-- WORK ITEM --
Reproduce the data below in full and to the letter, images excepted.

-- RECORD EXTRACTS --

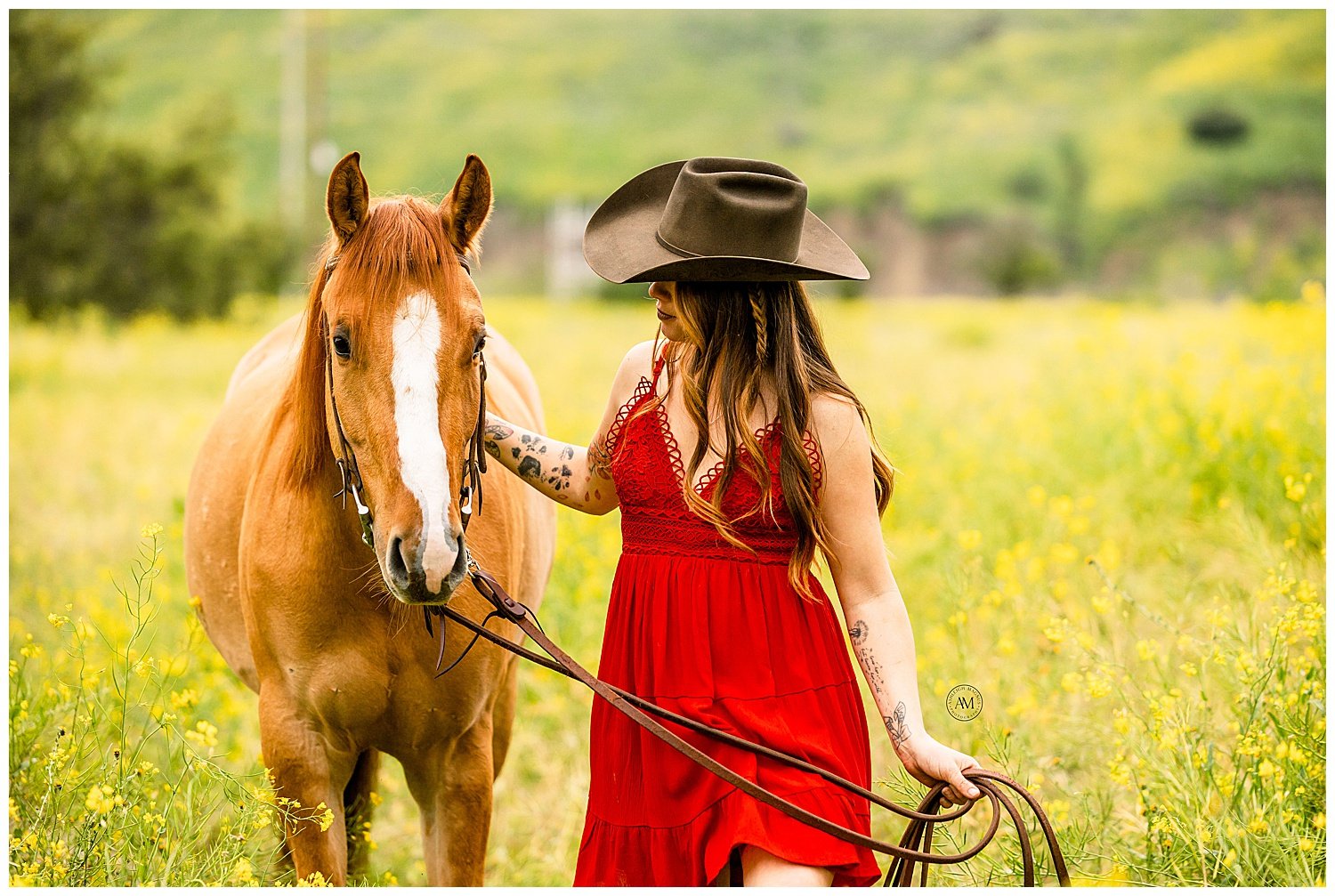 girl and horses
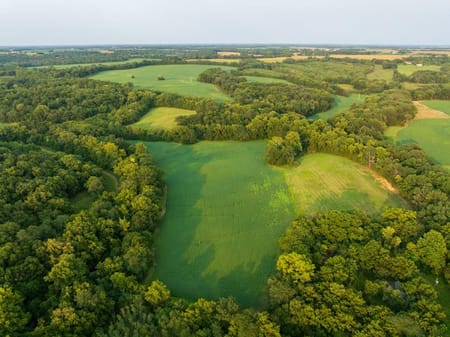 Pilot Grove, MO 65276 Cooper County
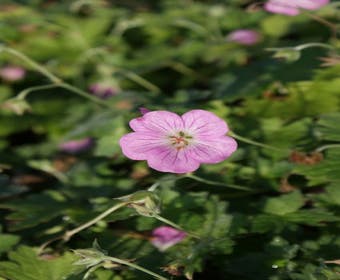 Ooievaarsbek (Geranium riversleaianum 'Mavis Simpson')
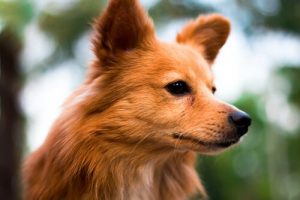 Köpek Burçları Nelerdir ve Hangi Özelliklere Sahiptir?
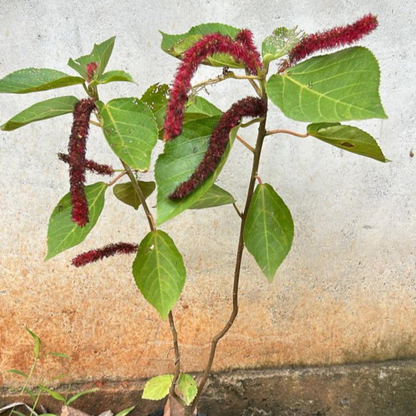 Monkey Tail (Acalypha hispida) Flowering Live Plant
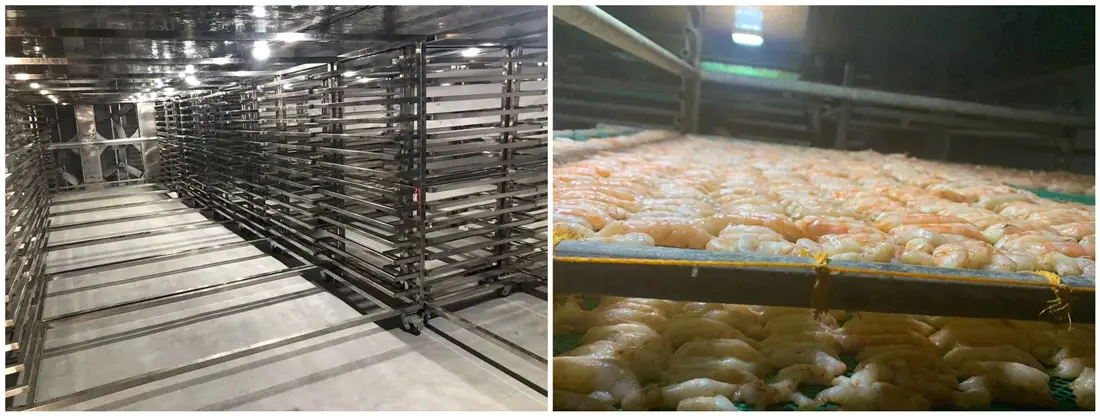 shrimp drying machine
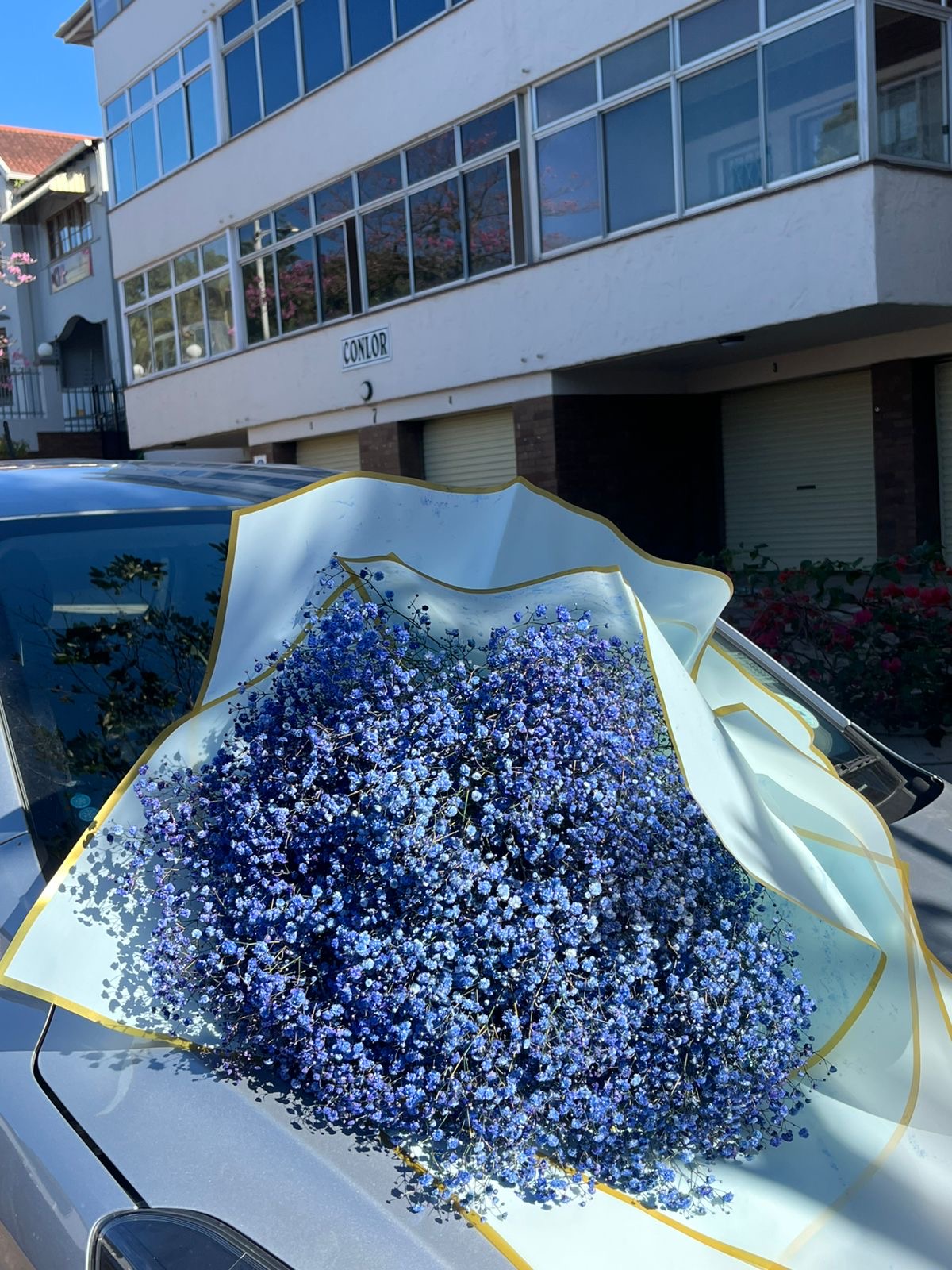 Baby's Breath Bouquets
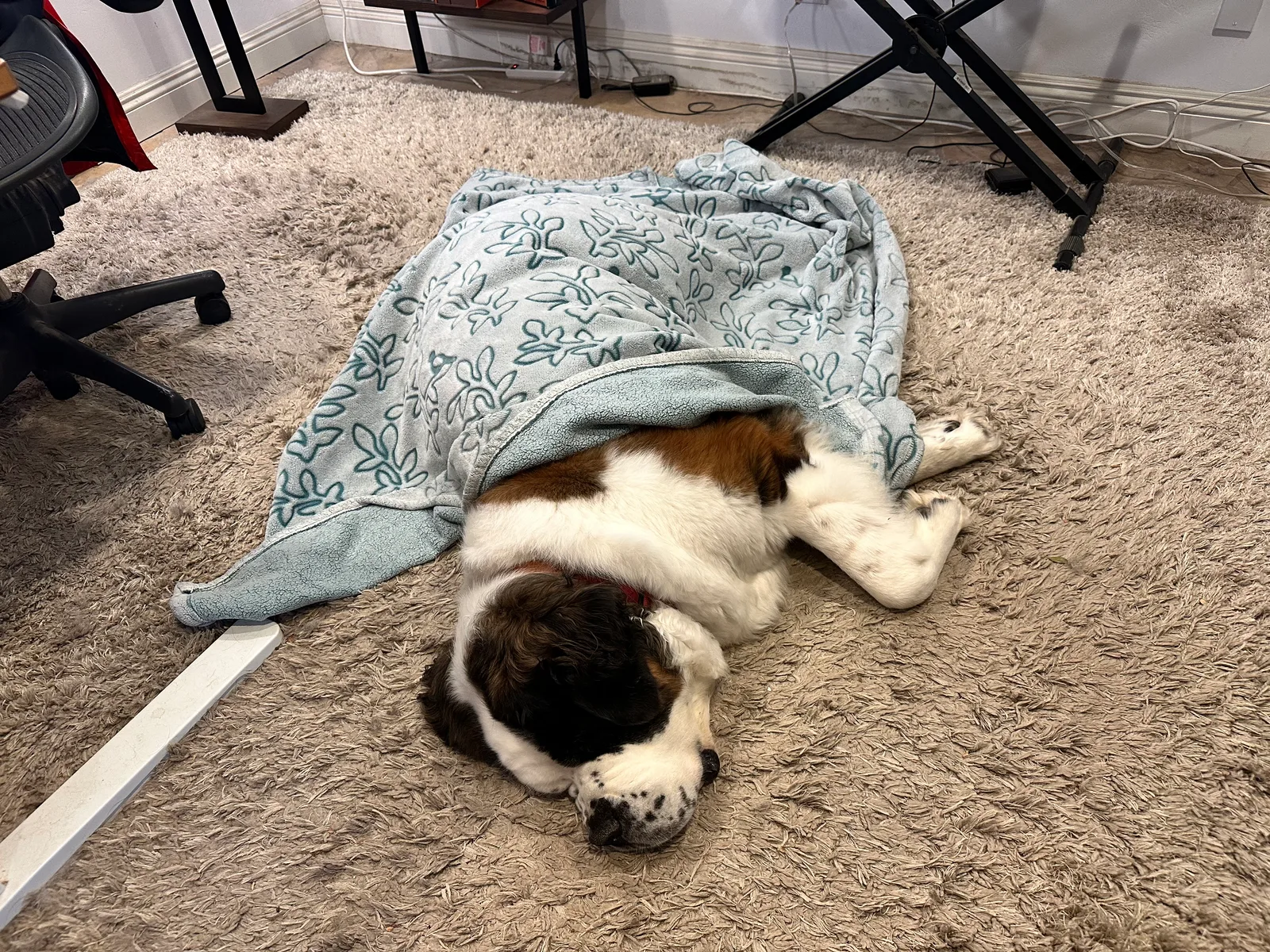 Saint Bernard dog sleeping under a blue blanket on a carpet near a keyboard stand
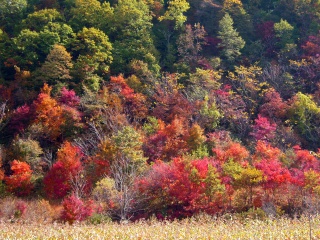 天桥沟国家森林公园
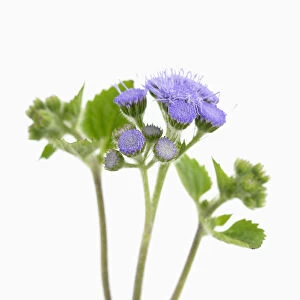 ageratum houstonianum, floss flower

-- SOLVED EXERCISE --
 girl and horses
 Pilot Grove, MO 65276 Cooper County
 Ooievaarsbek (Geranium riversleaianum 'Mavis Simpson')
 Köpek Burçları Nelerdir ve Hangi Özelliklere Sahiptir?
 Monkey Tail (Acalypha hispida) Flowering Live Plant
 shrimp drying machine
 Baby's Breath Bouquets
 Saint Bernard dog sleeping under a blue blanket on a carpet near a keyboard stand
 天桥沟国家森林公园
 ageratum houstonianum, floss flower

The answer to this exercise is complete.